A.K. Dhaka1,*, R.D. Jat1, Bhagat Singh1, Prakriti Dhaka1, Satish Kumar1, Sandeep Kumar1
1CCS Haryana Agricultural University, Hisar-125 004, Haryana, India.

  • Submitted27-03-2023|

  • Accepted11-12-2023|

  • First Online 22-01-2024|

  • doi 10.18805/LR-5141

ABSTRACT

Background: Chickpea is the third-most important food legume in the world. Chickpea is less remunerative than raya, linseed and fenugreek. Hence there is a gradual shift in cropping patterns from sole chickpea to its intercropping with raya, linseed and fenugreek. Intercropping offers potential advantages over sole cropping. Since information on the relative yield, competition, land use and economics of chickpea intercropping with raya, linseed and fenugreek is lacking, hence the present experiment was undertaken.

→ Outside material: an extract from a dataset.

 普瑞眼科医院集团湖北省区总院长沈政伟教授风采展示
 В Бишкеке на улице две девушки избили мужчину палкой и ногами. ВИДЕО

Methods: A field experiment was performed at CCSHAU, Hisar, during two consecutive winter seasons, i.e., 2020-21 and 2021-22, following a randomized block design comprising nineteen treatments, replicating thrice. The study was aimed to evaluate the chickpea-based intercropping in row replacement system with fenugreek, linseed and raya as an intercrop with row ratio of 4:4, 5:3, 6:2, 3:5 and 2:6 for chickpea + intercrop along with their sole crop.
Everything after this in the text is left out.